◆ YOUR OBJECTIVE: Show all lines from the material that carry the word "building".

◆ PROVIDED DATA:
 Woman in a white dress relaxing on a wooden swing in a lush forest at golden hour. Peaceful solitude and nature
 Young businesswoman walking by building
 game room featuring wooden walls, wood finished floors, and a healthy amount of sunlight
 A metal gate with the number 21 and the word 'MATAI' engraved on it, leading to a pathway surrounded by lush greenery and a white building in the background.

...

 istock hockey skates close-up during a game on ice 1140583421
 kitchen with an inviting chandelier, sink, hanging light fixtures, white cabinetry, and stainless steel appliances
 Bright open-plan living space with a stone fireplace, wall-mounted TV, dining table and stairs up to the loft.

◆ ANSWER SECTION:
 Young businesswoman walking by building
 A metal gate with the number 21 and the word 'MATAI' engraved on it, leading to a pathway surrounded by lush greenery and a white building in the background.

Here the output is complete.